Il serait intéressant
d'établir une comparaison avec d'autres départements qui
ont fourni un nombre plus ou moins important de colonisateurs. Cette
fidélité ardéchoise à
l'établissement outre-mer ne se dément pas, même
à l'extrême fin de la colonisation, au lendemain de la
Première Guerre mondiale. En est-il de même d'autres
provinces ? Nous répondons par l'affirmative pour l'Alsace et la
partie de la Lorraine annexées en 1871, mais de fructueuses
recherches pourraient être entreprises. Nous pensons aux
départements de la bordure méridionale du Massif Central,
comme le Tarn et l'Aveyron, qui partagent précisément
avec l'Ardèche les premières places pour l'installation
en Algérie (8).
Pierre GOURINARD.
Cet article a paru pour l'essentiel
dans la Revue du Vivarais, tome LXXI n° 2 avril-juin 1969, n°
618. Nous remercions M. l'abbé André d'avoir bien voulu
en autoriser la reproduction.
(1)Nous avons utilisé
essentiellement la série M des Archives départementales
de l'Ardèche (dossiers non cotés en 1969) et nous avons
procédé à quelques sondages dans les séries
L et M des Archives d'outre-mer d'Aix-en-Provence, afin de
compléter quelques données de l'article initial.
(2)Les déchéances
étalent prononcées lorsque le concessionnaire ne pouvait
ou ne voulait résider sur les terres qui lui étaient
allouées. La série M des Archives départementales
de l'Ardèche comprend essentiellement les listes nominatives des
déchéances.
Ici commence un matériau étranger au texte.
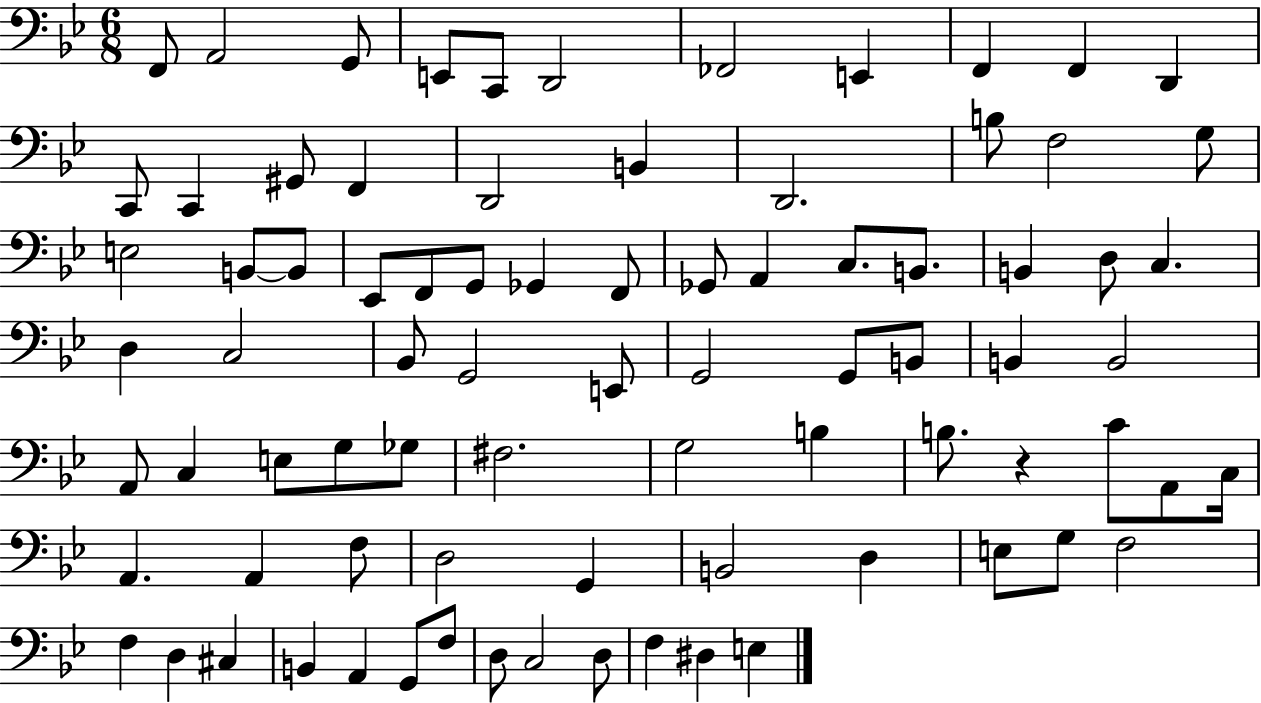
X:1
T:Untitled
M:6/8
L:1/4
K:Bb
F,,/2 A,,2 G,,/2 E,,/2 C,,/2 D,,2 _F,,2 E,, F,, F,, D,, C,,/2 C,, ^G,,/2 F,, D,,2 B,, D,,2 B,/2 F,2 G,/2 E,2 B,,/2 B,,/2 _E,,/2 F,,/2 G,,/2 _G,, F,,/2 _G,,/2 A,, C,/2 B,,/2 B,, D,/2 C, D, C,2 _B,,/2 G,,2 E,,/2 G,,2 G,,/2 B,,/2 B,, B,,2 A,,/2 C, E,/2 G,/2 _G,/2 ^F,2 G,2 B, B,/2 z C/2 A,,/2 C,/4 A,, A,, F,/2 D,2 G,, B,,2 D, E,/2 G,/2 F,2 F, D, ^C, B,, A,, G,,/2 F,/2 D,/2 C,2 D,/2 F, ^D, E,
Les dossiers qui indiquent les raisons,
abandon volontaire ou défaut de résidence, se trouvent
aux Archives d'outre-mer d'Aix-en-Provence.
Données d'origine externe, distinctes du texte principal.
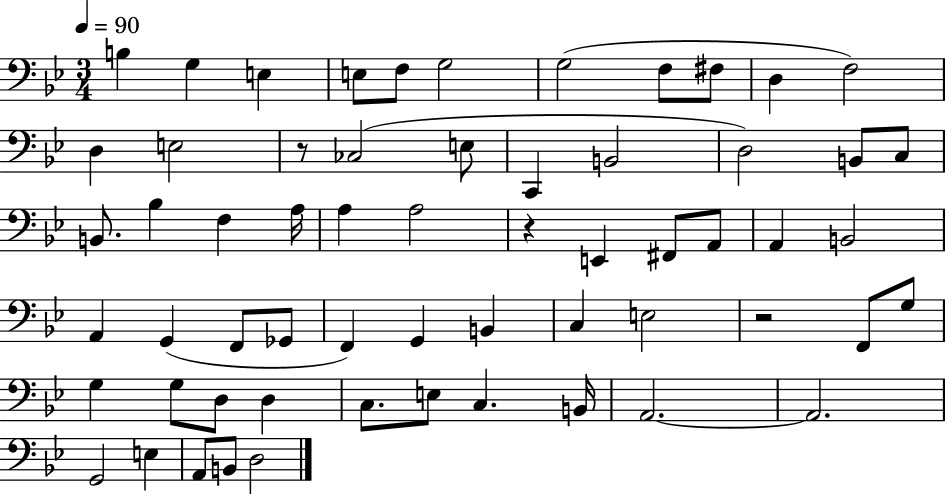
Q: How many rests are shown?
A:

(3)Voir à ce sujet : Docteur
Francus (pseudonyme d'Albin Mazon) : Voyage autour de Valgorge, Privas,
1878, réédition à Aubenas en 1967, pp 234 à
265.
(4)Eugène Villard : Situation
des intérêts agricoles dans l'arrondissement de
Largentière, 1852.
(5)Le colonel Marengo se nommait
lui-même Cappone. Existait-il un lien de parenté avec ce
propriétaire du Sahel ?
(6)Par le suite, Bordj-Boghni,
habituellement nommé Boghni.
(7)Pour Mékla et Azazga, voir
Archives d'outre-mer, Aix -en-Provence, séries L et M. Cette
dernière contient les dossiers des concessionnaires. Le choix
d'Azazga fut-il favorisé par les conseils d'un
sous-préfet? Il nous a été impossible de
vérifier l'authenticité de cette allégation
transmise dans notre famille. Ce fonctionnaire avait-Il exercé
en Ardèche ou en Kabylie ?
(8)De précieuses indications
sur l'origine des colons sont fournies par la thèse de M. Xavier
Yacono, sur la colonisation dans le Cheliff et dans celle de M. Pierre
Bozon, la vie rurale en Vivarais, Valence 1961. Cette dernière
traite exclusivement des émigrants ardéchois.